The music of Spiderland is noted for its angular guitar rhythms, dramatically alternating dynamic shifts and irregular time signatures. McMahan's singing style interchanges between mumbling spoken word and strained shouting. The lyrics of Spiderland are often written in a narrative style. Influences on the record included Gang of Four, Black Sabbath and Sonic Youth.[8] Will Hermes of Spin summarized the album's sound as "mid-'70s King Crimson gone emo: screeching guitar chords and gorgeous note-spinning in odd-metered instrumentals speckled with words both spoken and sung".[9]
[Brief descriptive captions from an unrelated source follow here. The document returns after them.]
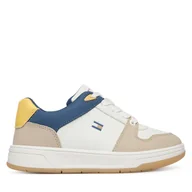 Buty dla chłopców - Sneakersy Tommy Hilfiger T3X9-34362-1269Y913 M Biały - miniaturka - grafika 1
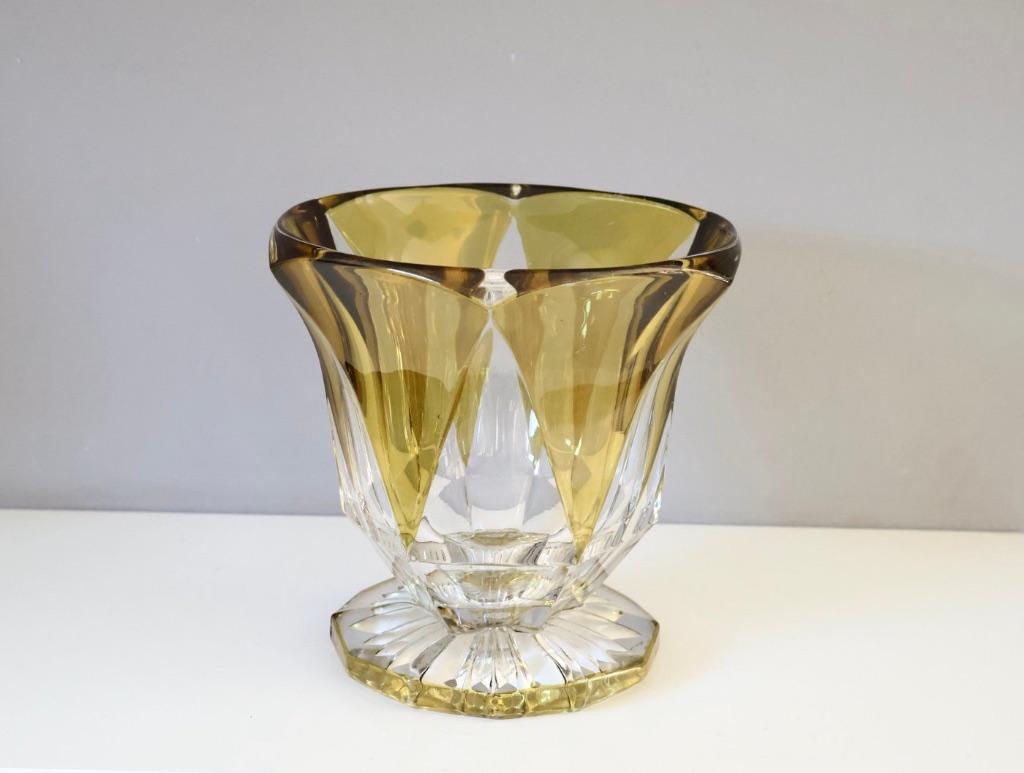 Vaas - Art Deco - Kristal - Boheems, Ophalen of Verzenden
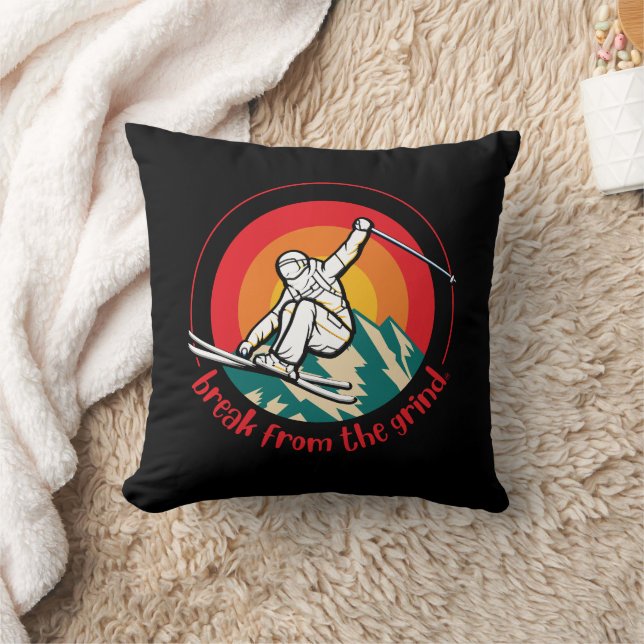 Ski Mountain BFTG Pillow (Blanket)
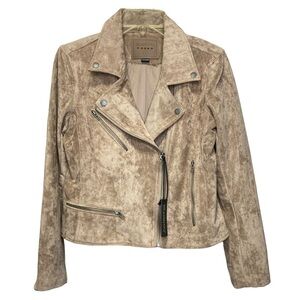 Blank NYC Faux Suede Moto‎ Jacket NWT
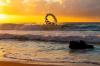 surfing, stop motion, circle, sunset, ocean, cool, scenery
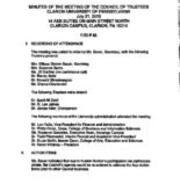 2016-07-21 Council of Trustees Minutes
The album's opening track, "Breadcrumb Trail", describes a day spent at a carnival with a fortune-teller.[10] The song features a complex arrangement with sharp transitions, and the guitar fluctuates between a clean-sounding riff with harmonics in the verse to heavy distortion featuring extremely high-pitched notes in the chorus.[10]

"Nosferatu Man", the second track, is inspired by the 1922 German Expressionist silent film Nosferatu.[11] The song's verse includes a dissonant guitar riff, which uses high-pitched notes similar to those in "Breadcrumb Trail" and a drumbeat based on snare and toms, absent of cymbals.[11] The chorus, featuring "jagged" distorted guitar and a thrash-influence beat, segues into an extended jam before the song ends with 30 seconds of feedback.[11]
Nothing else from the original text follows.